ENCUENTRO CON LAS ORGANIZACIONES
DE LA PASTORAL SOCIAL

DISCURSO DEL SANTO PADRE BENEDICTO XVI

Iglesia de la Santísima Trinidad - Fátima
Jueves 13 de mayo de 2010



Queridísimos hermanos y amigos:

Habéis oído que Jesús dijo: “Anda, haz tu lo mismo” (Lc 10,37). Él nos invita a hacer nuestro el estilo del buen samaritano, cuyo ejemplo se acaba de proclamar, que se acerca a las situaciones en las que falta la ayuda fraterna. Y, ¿cuál es este estilo? “Es un «corazón que ve». Este corazón ve dónde se necesita amor y actúa en consecuencia” (Enc. Deus caritas est, 31). Así hizo el buen samaritano. Jesús no se limita a exhortar; como enseñan los Santos Padres, Él mismo es el Buen Samaritano, que se acerca a todo hombre y “cura sus heridas con el aceite del consuelo y el vino de la esperanza” (Prefacio común, VIII) y lo lleva a la posada, que es la Iglesia, donde hace que lo cuiden, confiándolo a sus ministros y pagando personalmente de antemano lo necesario para su curación. “Anda, haz tu lo mismo”. El amor incondicional de Jesús que nos ha curado, deberá ahora, si queremos vivir con un corazón de buen samaritano, transformarse en un amor ofrecido gratuita y generosamente, mediante la justicia y la caridad.

Me complace encontrarme con vosotros en este lugar bendito, que Dios se eligió para recordar, por medio de Nuestra Señora, sus designios de amor misericordioso a la humanidad.

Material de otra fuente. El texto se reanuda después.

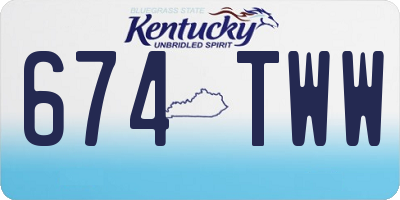 KY license plate 674TWW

Saludo con gran afecto a todos los aquí presentes, así como a las instituciones de las que forman parte, en la variedad de rostros unidos para profundizar en las cuestiones sociales y, sobre todo, en la práctica de la compasión hacia los pobres, los enfermos, los encarcelados, los que viven solos o abandonados, los discapacitados, los niños y ancianos, los emigrantes, los desempleados y quienes sufren necesidades que perturban su dignidad de personas libres. Gracias, Monseñor Carlos Azevedo, por el gesto de comunión y fidelidad a la Iglesia y al Papa, que ha querido ofrecerme, tanto en nombre de esta asamblea de la caridad, como de la Comisión Episcopal de Pastoral Social, que preside, y que no cesa de animar esta gran siembra de buenas obras en todo Portugal. Conscientes de que, como Iglesia, no podemos brindar soluciones prácticas a cada problema concreto y, aunque desprovistos de todo tipo de poder, determinados a servir el bien común, estad dispuestos a ayudar y ofrecer los medios de salvación a todos.

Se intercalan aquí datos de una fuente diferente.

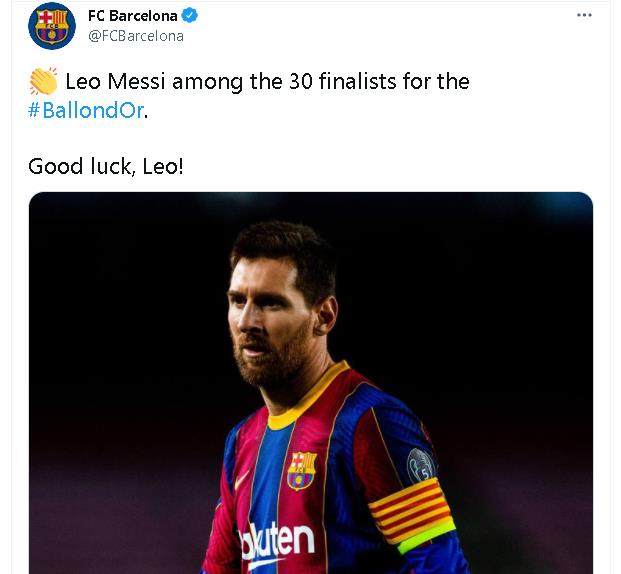 Barcelona le desea a Messi la nominación al Globo de oro, pero es irónico: no es tu jugador.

Queridos hermanos y hermanas que trabajáis en el vasto mundo de la caridad, Cristo “nos revela que «Dios es amor» (1 Jn 4,8) y al mismo tiempo nos enseña que la ley fundamental de la perfección humana, y por ello de la transformación del mundo, es el mandamiento nuevo del amor. Así pues, a los que creen en la caridad divina, les da la certeza de que el camino del amor está abierto a todos los hombres” (Gaudium et spes, 38). El actual escenario de la historia es de crisis socioeconómica, cultural y espiritual, y pone de manifiesto la conveniencia de un discernimiento orientado por la propuesta creativa del mensaje social de la Iglesia. El estudio de su Doctrina Social, que asume la caridad como principio y fuerza principal, permitirá trazar un proceso de desarrollo humano integral que implique la profundidad del corazón y alcance una mayor humanización de la sociedad (cf. Enc. Caritas in veritate, 20). No se trata de un mero conocimiento intelectual, sino de una sabiduría que dé sabor y condimento, que ofrezca creatividad a las vías teóricas y prácticas para afrontar una crisis tan amplia y compleja. Que las instituciones de la Iglesia, junto con todas las organizaciones no eclesiales, mejoren la capacidad de conocimiento y orientación para una nueva y grandiosa dinámica, que lleve a “esa «civilización del amor», de la cual Dios ha puesto la semilla en cada pueblo y en cada cultura” (ibíd., 33).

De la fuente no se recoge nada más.